* _The task_:
An exact copy of the data is needed, one that excludes all pictures.

○ ○ ○ ○ ○ ○ ○

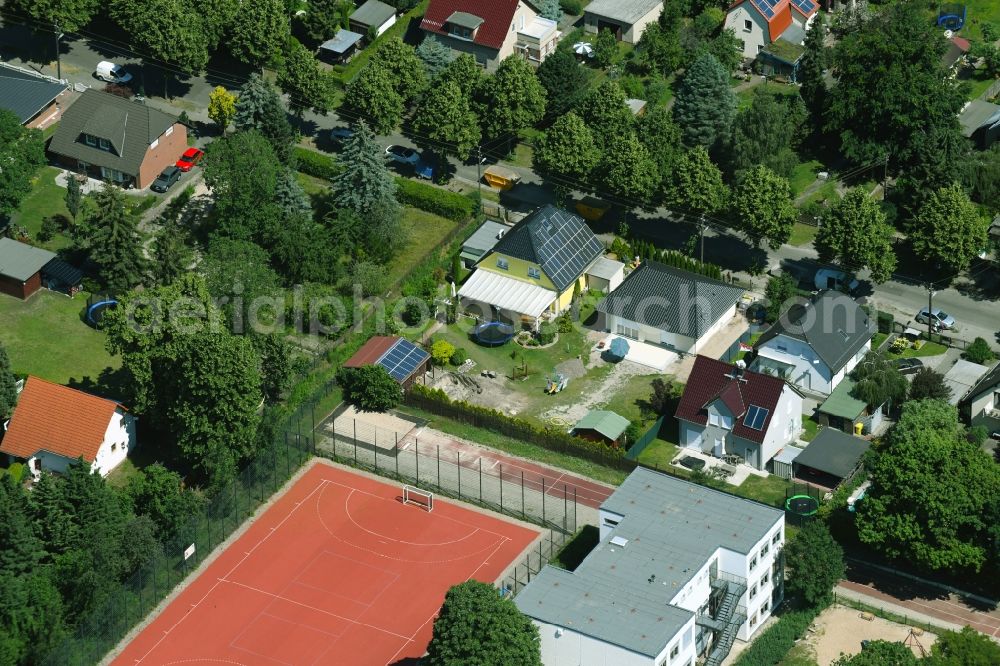 Aerial image Berlin - Detached house in a family house - settlement along the Bergedorfer Strasse in the district Kaulsdorf in Berlin, Germany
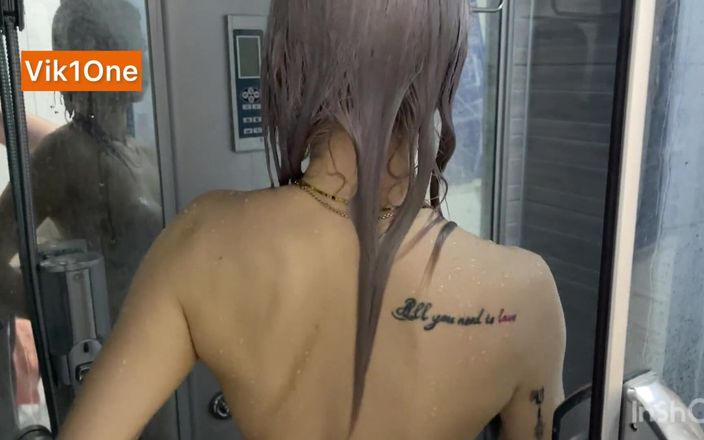 Viky one: En la ducha con una estrella porno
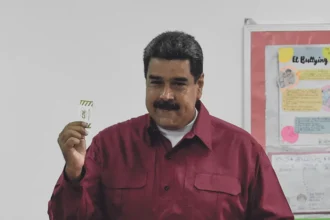Maduro AA Carlos Bacerra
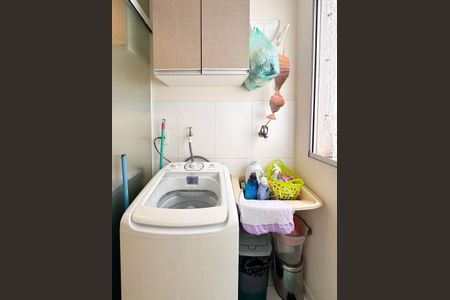 Apartamento à venda com 56m², 2 quartos e 1 vaga Apartamento à venda com 56m², 2 quartos e 1 vagaÁrea de Serviço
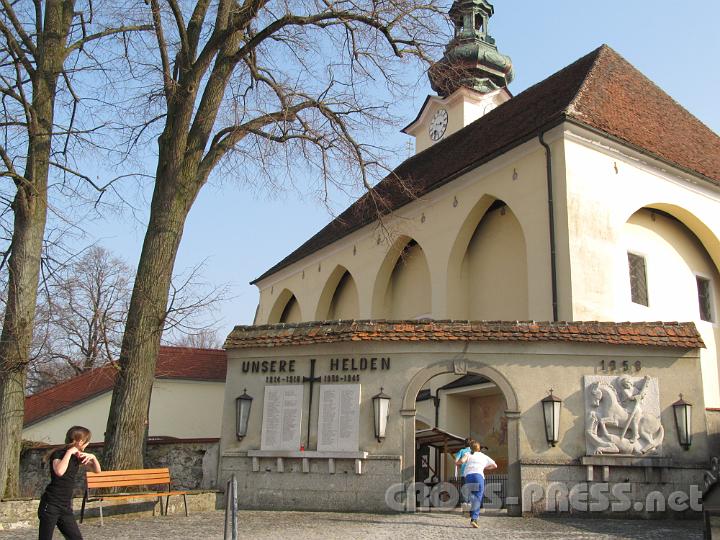 2012.03.23_15.33.40.jpg - Die einzigartige St.Peterer Wehrkirche.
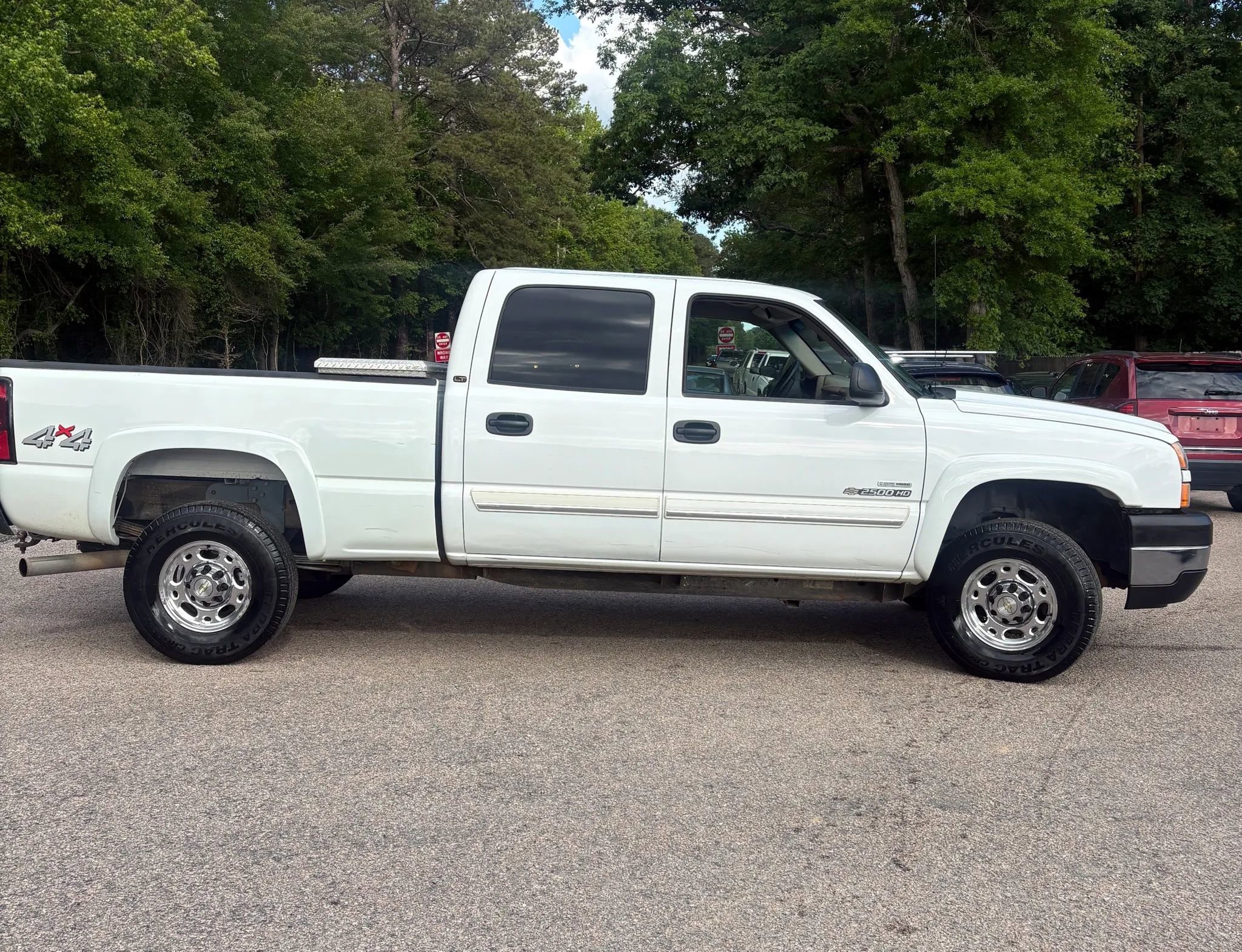 Used 2006 Chevrolet Silverado 2500 LT w/ Heavy-Duty Power Package AWD/4WD image 8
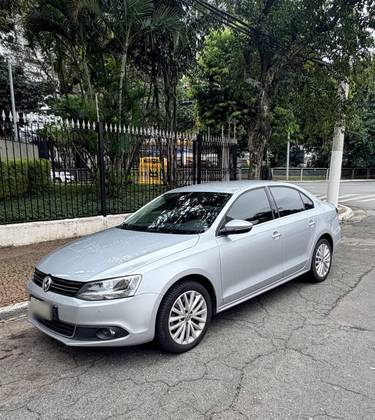 VOLKSWAGEN JETTA 2.0 TSI HIGHLINE 211CV GASOLINA 4P TIPTRONIC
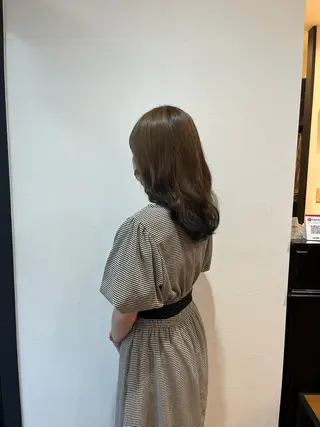 セミロング おじま もえのヘアスタイル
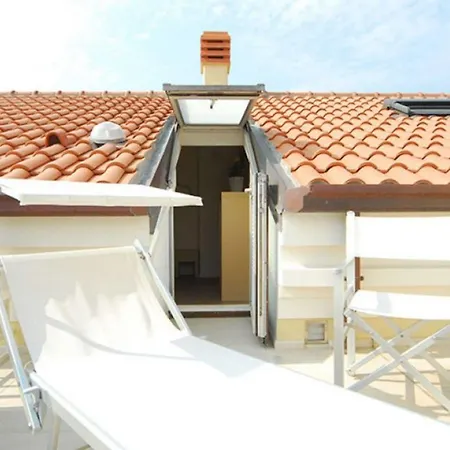 Vienna Hotel 3*
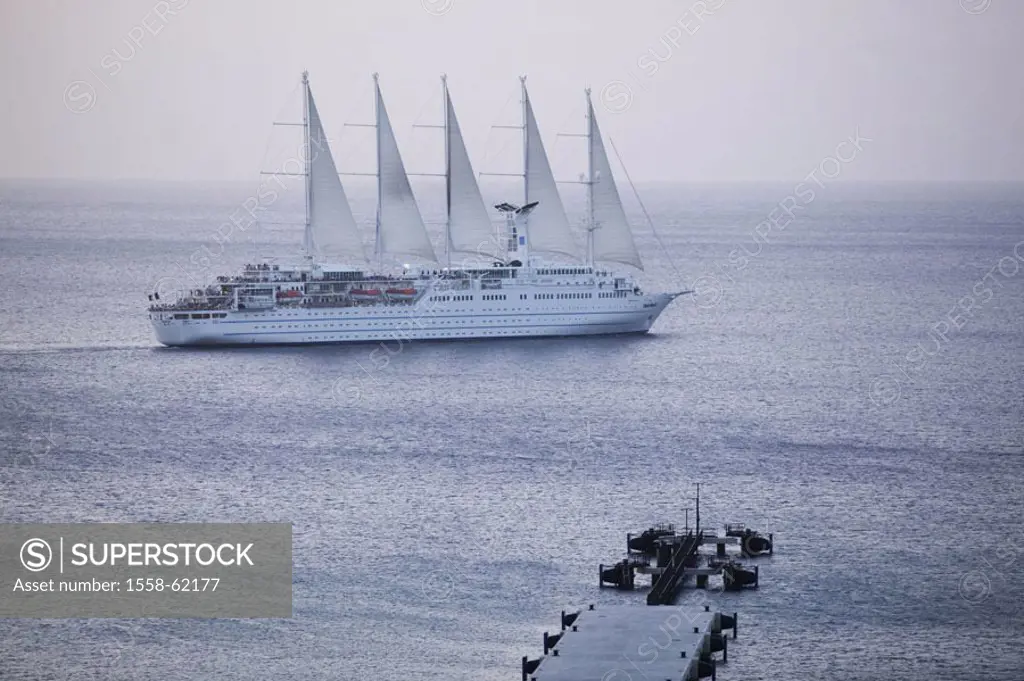 Grenada, St. George´s, harbor,  Cruise ship ´club Med 2´, Overview Caribbean, West Indian islands, little one Antilles, islands over the wind, island,...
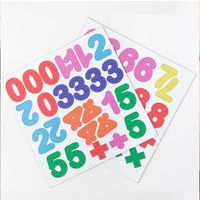 Ensemble 100 chiffres et symboles magnétiques multicolores thumbnail image
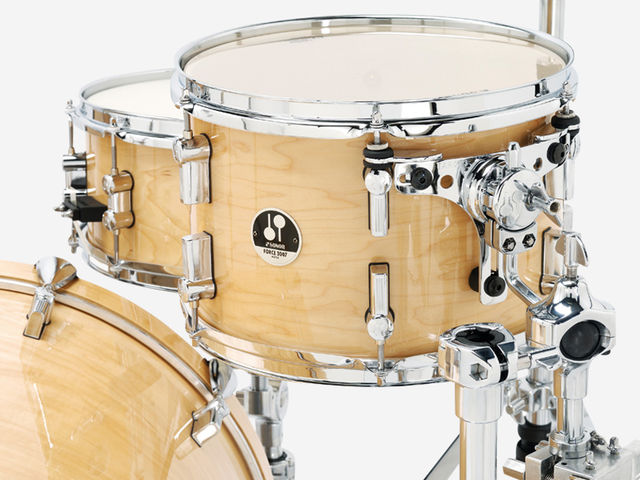 Sonor Force 3007 Rock Kit Vibration-free Total Acoustic Resonance bracket is attached to two of the small tom's tension rods and anchored to the shell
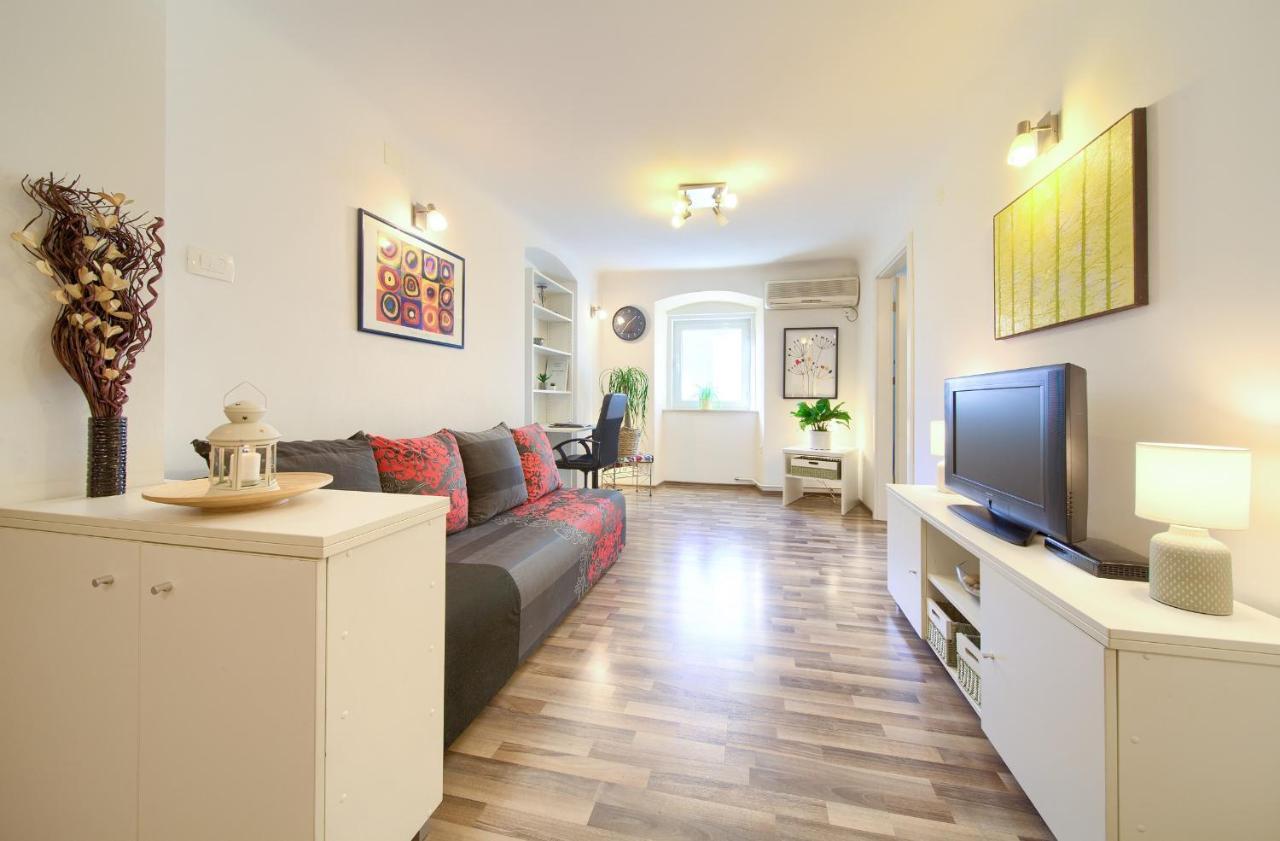 Apartment City Center Рийека Екстериор снимка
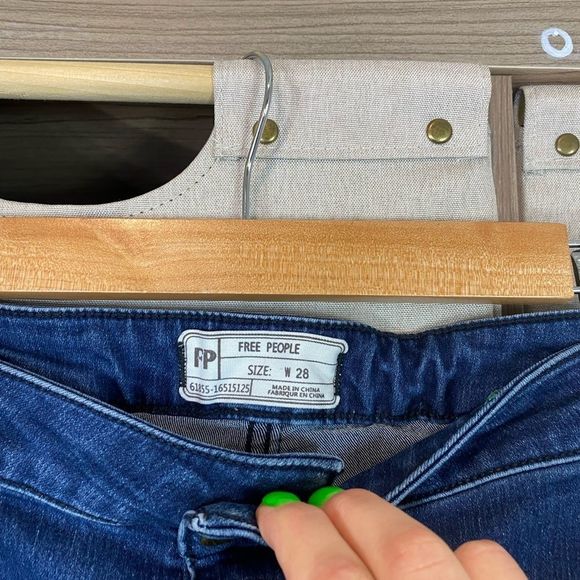 Free people high rise super flare mid wash jean - Picture 4 of 4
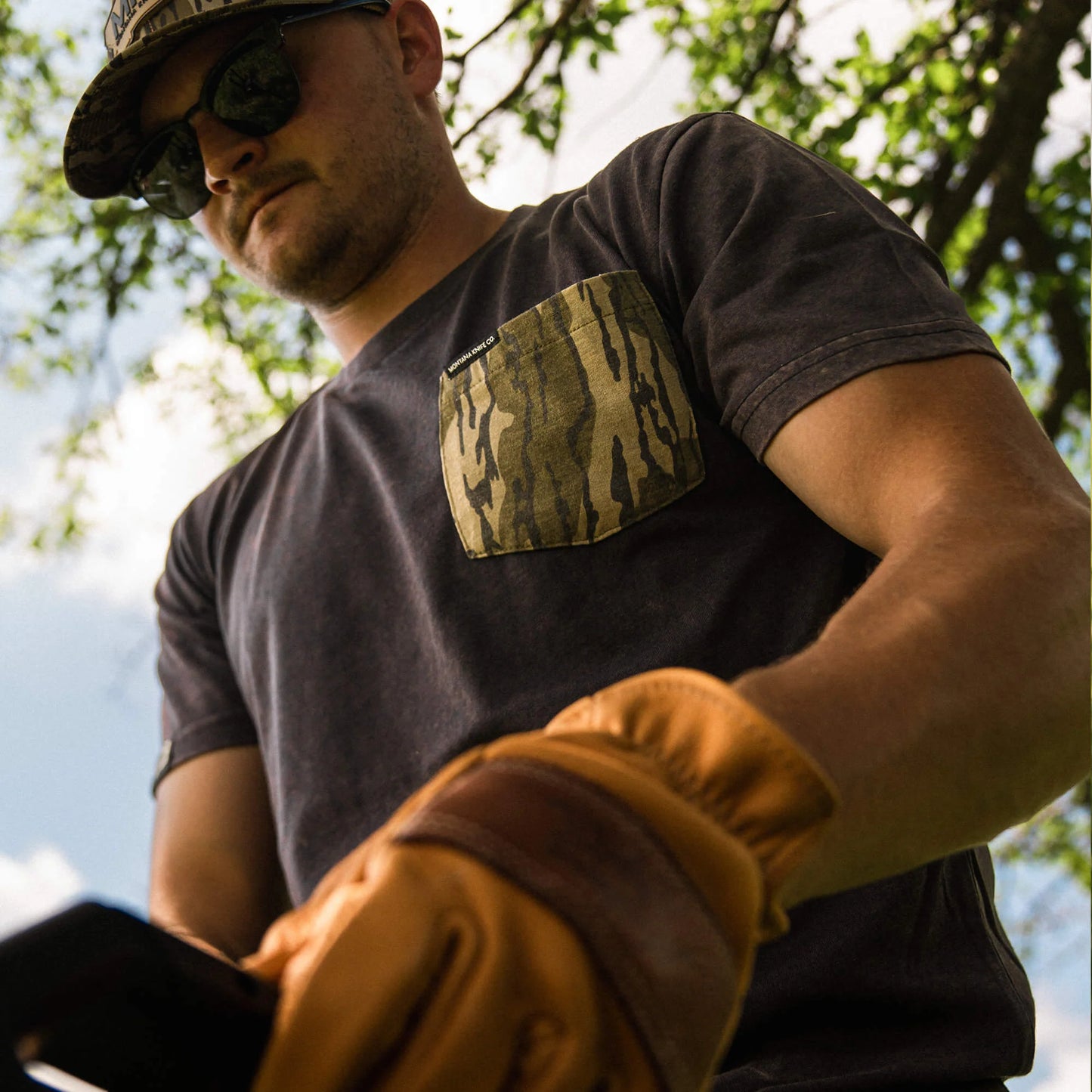 MKC X MOSSY OAK BOTTOMLAND POCKET TEE - BLACK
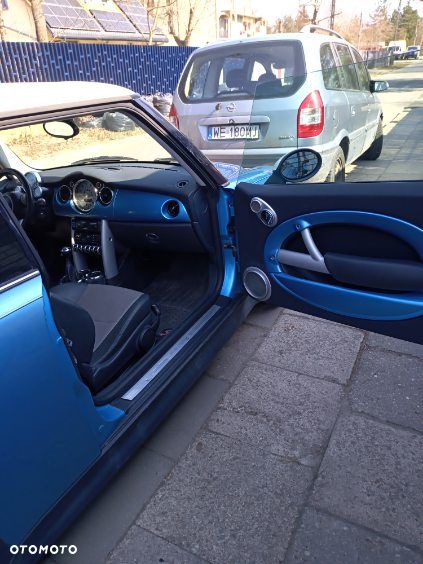 MINI Cooper S Sidewalk - 10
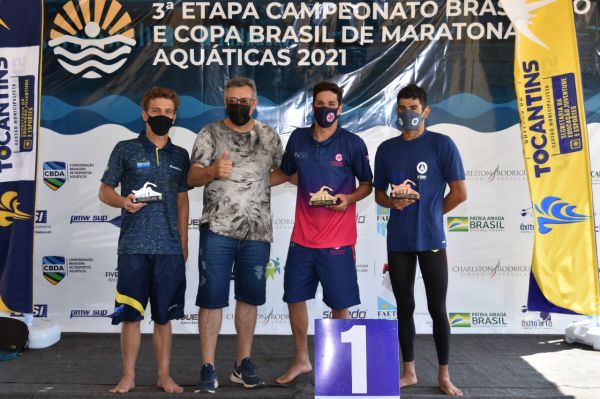 Bruce Hanson Almeida e Carol Hertel vence prova de 5 km do Campeonato Brasileiro de Maratonas Aquáticas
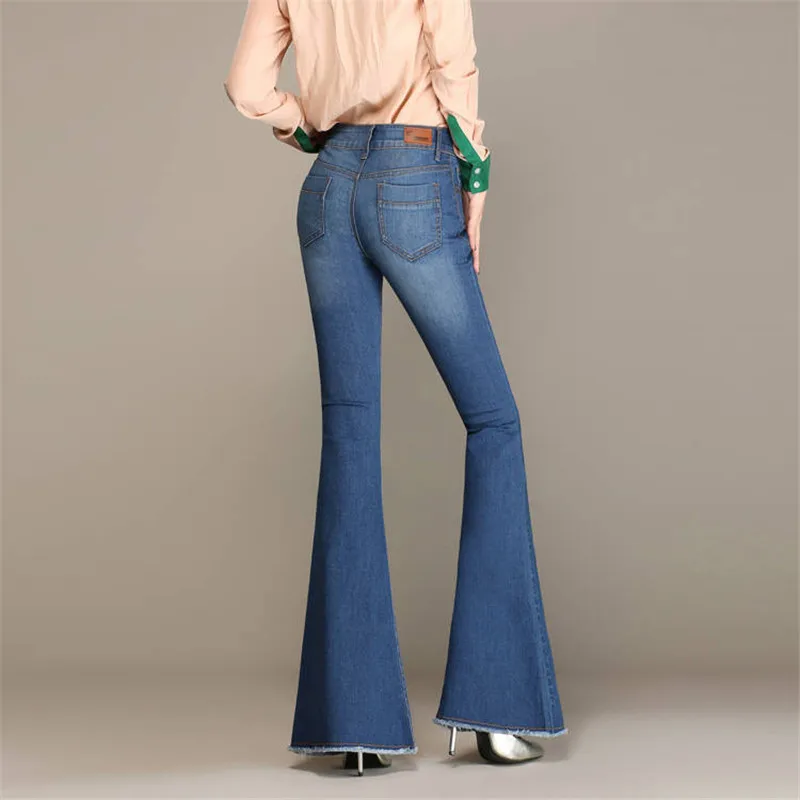 Новые женские джинсы больших размеров женские Стрейчевые тонкие джинсы-клеш Дышащие Модные расклешенные высокоэластичные брюки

○ ○ ○ ○ ○ ○ ○

* _Response area_:
 Aerial image Berlin - Detached house in a family house - settlement along the Bergedorfer Strasse in the district Kaulsdorf in Berlin, Germany
 Viky one: En la ducha con una estrella porno
Maduro AA Carlos Bacerra
 Apartamento à venda com 56m², 2 quartos e 1 vaga Apartamento à venda com 56m², 2 quartos e 1 vagaÁrea de Serviço
 2012.03.23_15.33.40.jpg - Die einzigartige St.Peterer Wehrkirche.
 Used 2006 Chevrolet Silverado 2500 LT w/ Heavy-Duty Power Package AWD/4WD image 8
 VOLKSWAGEN JETTA 2.0 TSI HIGHLINE 211CV GASOLINA 4P TIPTRONIC
 セミロング おじま もえのヘアスタイル
 Vienna Hotel 3*
 Grenada, St. George´s, harbor,  Cruise ship ´club Med 2´, Overview Caribbean, West Indian islands, little one Antilles, islands over the wind, island,...
 Ensemble 100 chiffres et symboles magnétiques multicolores thumbnail image
 Sonor Force 3007 Rock Kit Vibration-free Total Acoustic Resonance bracket is attached to two of the small tom's tension rods and anchored to the shell
 Apartment City Center Рийека Екстериор снимка
 Free people high rise super flare mid wash jean - Picture 4 of 4
 MKC X MOSSY OAK BOTTOMLAND POCKET TEE - BLACK
 MINI Cooper S Sidewalk - 10
 Bruce Hanson Almeida e Carol Hertel vence prova de 5 km do Campeonato Brasileiro de Maratonas Aquáticas
 Новые женские джинсы больших размеров женские Стрейчевые тонкие джинсы-клеш Дышащие Модные расклешенные высокоэластичные брюки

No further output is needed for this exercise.